### Task description
Quote only the span from the first line of the entries to the line containing "Elden Ring - Coded Sword (All Remembrances)", both ends kept. Leave every picture out.

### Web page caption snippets

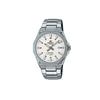 Edifice Series Thin Three-Hand Quartz Movement Stainless Steel Strap Watch Men Watches White EFR-S108YD-7A
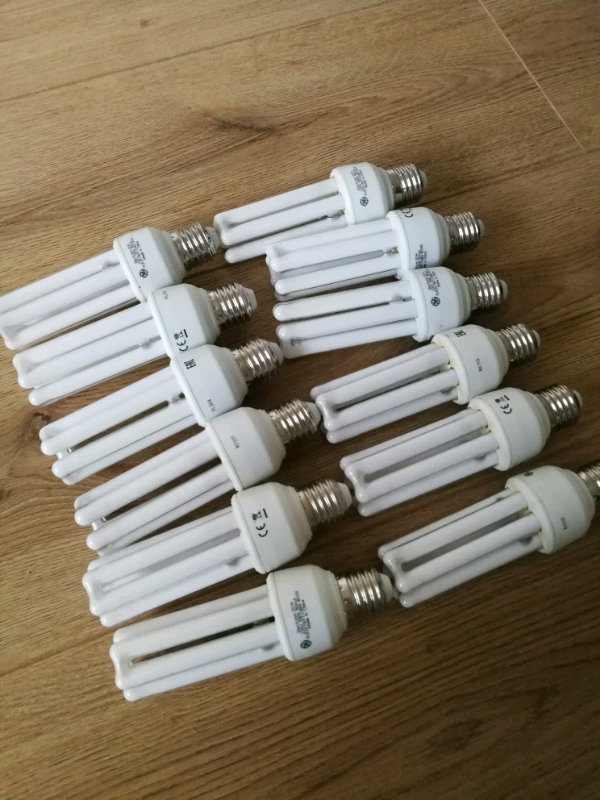 Bulbs Electronic 20W 230V 50Hz 160mA £2 each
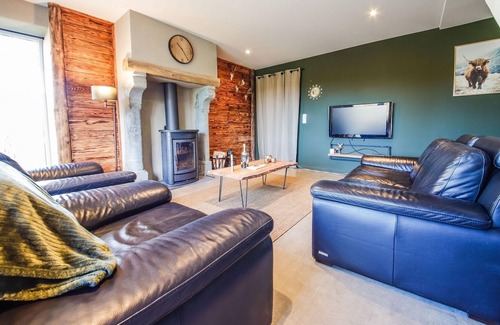Grand Bru Other | Quietly located farmhouse l'Echappée Belle near Harre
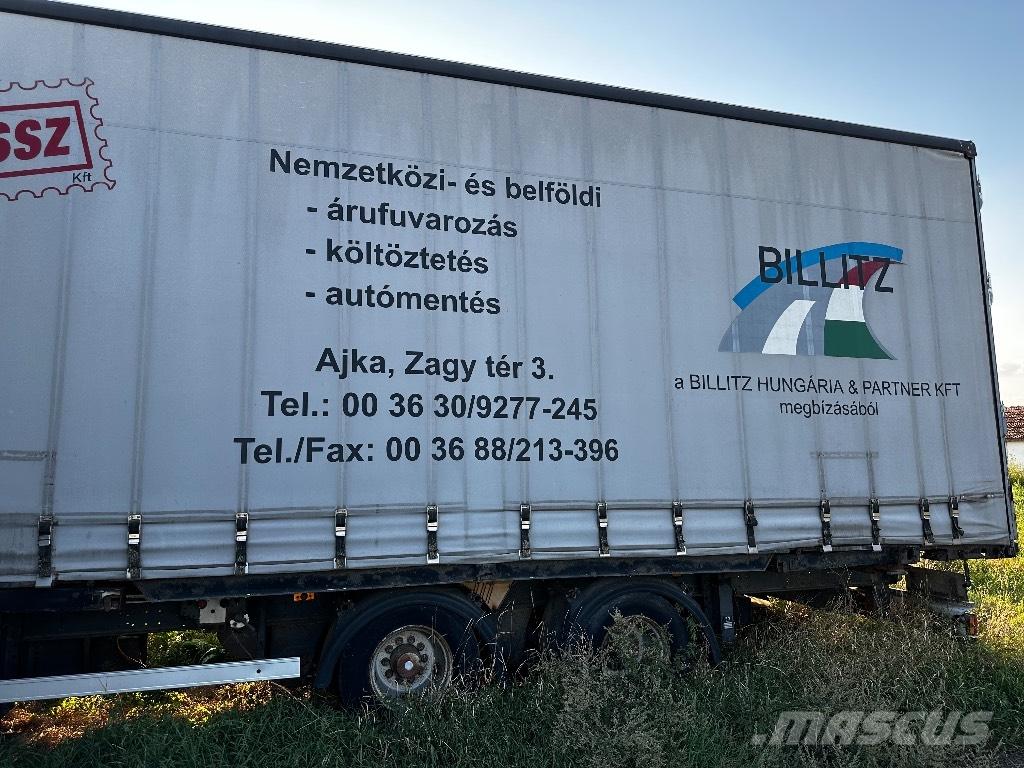 MAN TGA 18.440 Camiones chasis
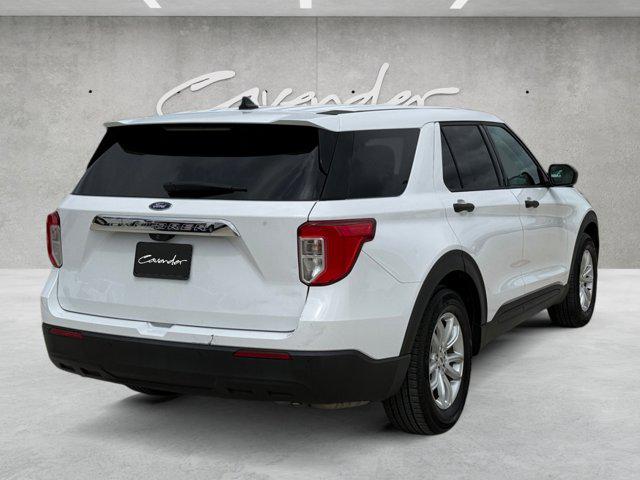 2021 Ford Explorer Base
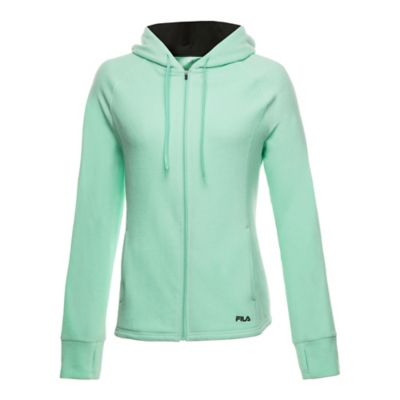 womens fila fleece
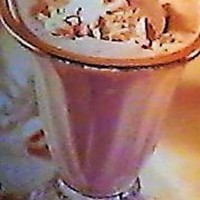 Chocolate-Peppermint Milkshake Chocolate-Peppermint Milkshake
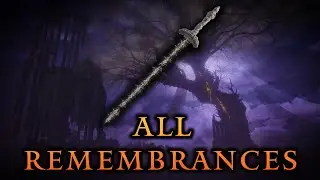 Elden Ring - Coded Sword (All Remembrances)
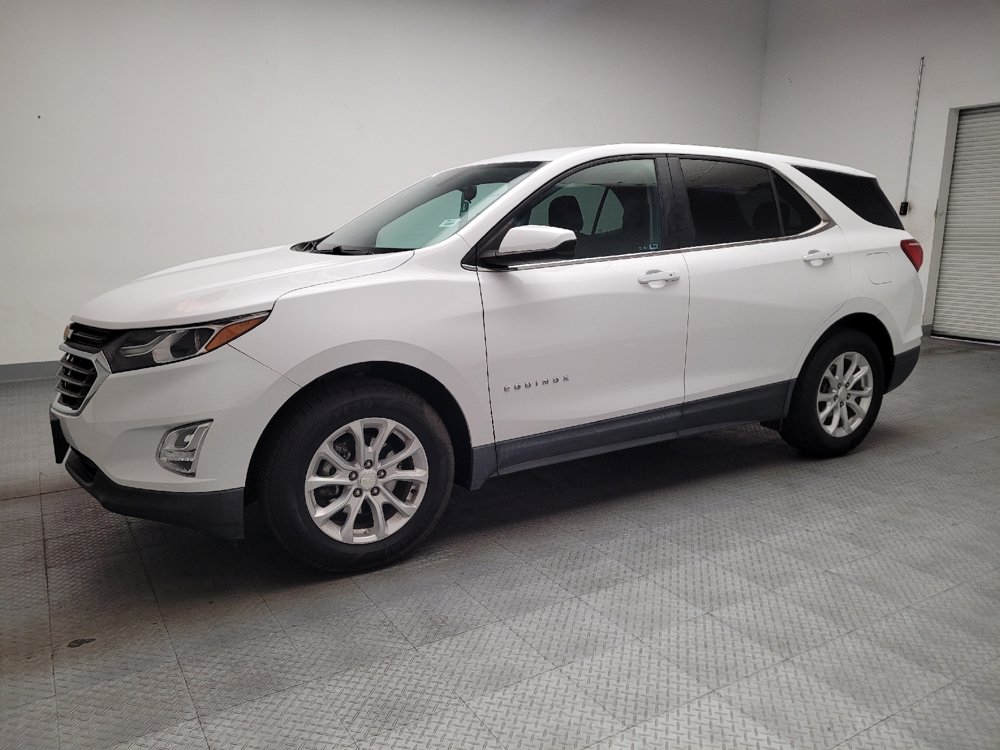 Used 2018 Chevrolet Equinox LT FWD image 2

### Exercise response
 Edifice Series Thin Three-Hand Quartz Movement Stainless Steel Strap Watch Men Watches White EFR-S108YD-7A
 Bulbs Electronic 20W 230V 50Hz 160mA £2 each
Grand Bru Other | Quietly located farmhouse l'Echappée Belle near Harre
 MAN TGA 18.440 Camiones chasis
 2021 Ford Explorer Base
 womens fila fleece
 Chocolate-Peppermint Milkshake Chocolate-Peppermint Milkshake
 Elden Ring - Coded Sword (All Remembrances)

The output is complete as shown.